PIASA Auction House Presents Exclusive Sale of Works by Greek Artist Pavlos

PARIS – PIASA Auction house presents, on Thursday, April 8, 5:30 PM Paris time, an exclusive sale of works by the Greek artist Pavlos (1930-2019).

Prefacing their Modern and Contemporary sale, this monographic auction is centered on 28 lots. Exceptionally, the works presented are all directly from the artist’s family.

Having all been shown in major exhibitions in France and abroad, these works epitomize Pavlos’ oeuvre from the 1960s to the 2000s, and benefit from an impeccable provenance.

Pavlos Dionyssopoulos, better known by his artist’s moniker Pavlos, was born in1930 in Filatra. Aged 19, he left his native Greece for the École des Beaux-Arts in Paris, which became his lifelong home.

In Paris in the 1950s, home of the Nouveaux Réalistes, Pavlos mingled with sculptors Alexander Calder, Alberto Giacometti, and César, as well as famous art critic Pierre Restany whom he met at the Salon des Réalités Nouvelles in 1963. In his studio next door to Jean Dubuffet, rue Vaugirard, he progressively relinquished painting and began working with paper collages of cut strips of posters.
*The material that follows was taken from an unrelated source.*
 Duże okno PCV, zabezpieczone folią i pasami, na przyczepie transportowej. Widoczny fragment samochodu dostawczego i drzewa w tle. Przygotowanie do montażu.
Guided by the plastic potential of this medium, Pavlos elaborated a singular formal vocabulary. Mischievously drawing from the iconography of classical painting, the artist trimmed thin strips of multicolored papers, which he first assembled into abstract compositions. The near-organic shapes of his works capture the viewer’s attention and distort his relationship to a reality turned strange. In this manner, Pavlos set himself apart from the Parisian “Affichistes” such as Raymond Hains and JacquesVilleglé.

Later on, Pavlos’ abstract compositions gave way to works evoking objects from daily life, such as clothes and accessories. Somewhat echoing Pop Art, Pavlos’ work found success during his first American show in 1967, at New York’s Fischbach Gallery. The early 1970s saw him create a series of paper installations, including a set of 26 trees (La Forêt), presented during his first individual exhibition in Hanover. Free-spirited, Pavlos was instrumental in uniting art and life, the work and its audience, and enthusiastically embraced the art of the performance. One of the works presented here (Le Jeu – Happening de basket) is the sole witness to such an event.

In 1967, Fischbach Gallery, in New York, organized one of Pavlos’ first shows in the U.S. The artist had the innovative idea to recreate a shop. Thus, when spectators entered the gallery space, they discovered simple Formica chairs on which were displayed coats of trimmed paper (Le Congrès, 1967). The effect produced was unsettling and deceptive, as Pavlos explained: “when people walked into the exhibit, they would come back out thinking they had mistakenly entered an actual shop. Some sat on the chairs, others put their coats on the back of the empty chairs. There was really no more distance between the work and the viewer.”

In this entirely neutral décor, where any form of pathos was removed in favor of a voluntarily empty and neutral demonstration, the spectator was caught off-guard.